The current stumbling block, she believes, is the entrenchments of gender discrimination in cultural biases. “Men in certain cultures find it difficult to report to women in superior positions.” Sadly, she says, women in general don’t feel welcome in the industry due to archaic male behaviour that is still alive and well in South Africa.
“I don’t believe women should randomly be pushed forward if they do not have the requisite skills or ambition to operate in historic male positions in the workplace. Rather those that have the strength of character, talent and the will power to succeed in a challenging environment should be given the opportunity to be developed into leadership positions predominantly filled by men.”
She highlights that the RMI and MISA in a joint initiative have embarked on gender equality training provided by an external training provider for all management and staff of RMI-affiliated members and MISA members employed by these RMI member businesses. This training takes place across all regions in which the RMI operates including KZN, the Eastern Cape, the Free State and Northern Cape, the Northern and Highveld Region, and the Western Cape.
“We realise that we need to start from within the leadership of the sector and grow it from there,” says Esterhuizen.
“Our objectives are not only to strengthen the knowledge base regarding gender equality but to promote a gender equality enabling environment in the workplace.

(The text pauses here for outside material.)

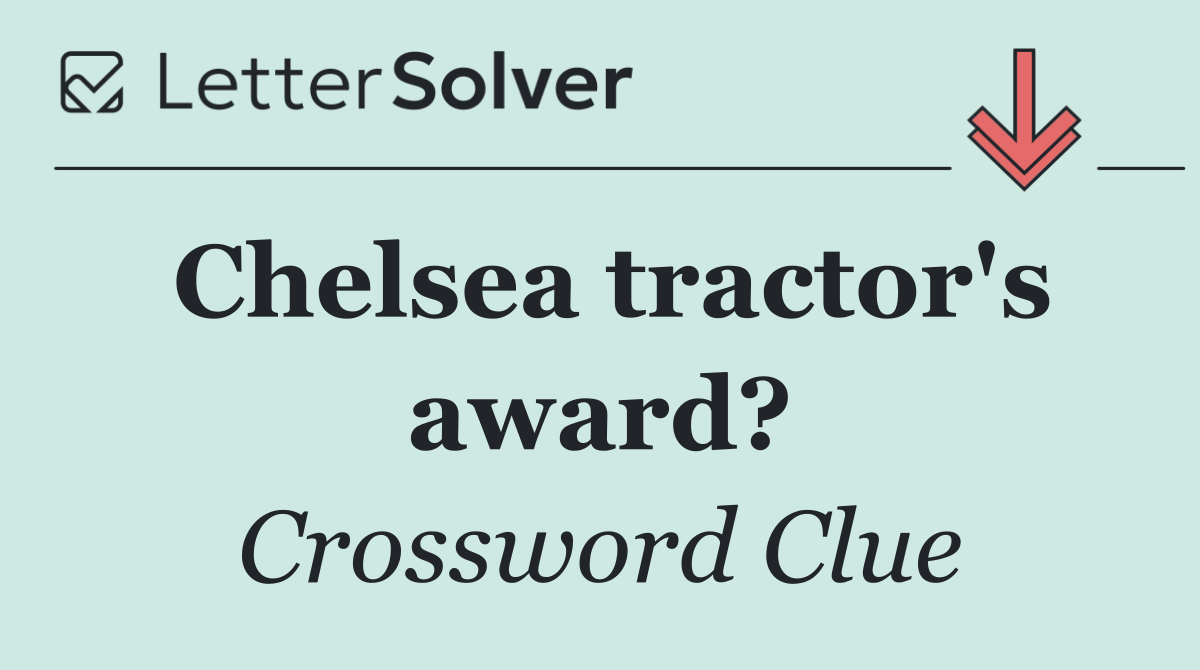Chelsea tractor's award?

We want to create a strong network of champions for gender equality in the motor industry in SA and strengthen the agency of men in promoting gender equality.”
“We have to foster mind-set changes and get in line with global thinking,” she adds.
While things are in motion, Esterhuizen says there is still much to be done. “The industry has been male-dominated for more than 100 years so the change is slow. But that’s no excuse. We will continue to put pressure on the industry to bring about real change not just for those women in the industry now but for all the women that will enter the industry in the future,” she concludes.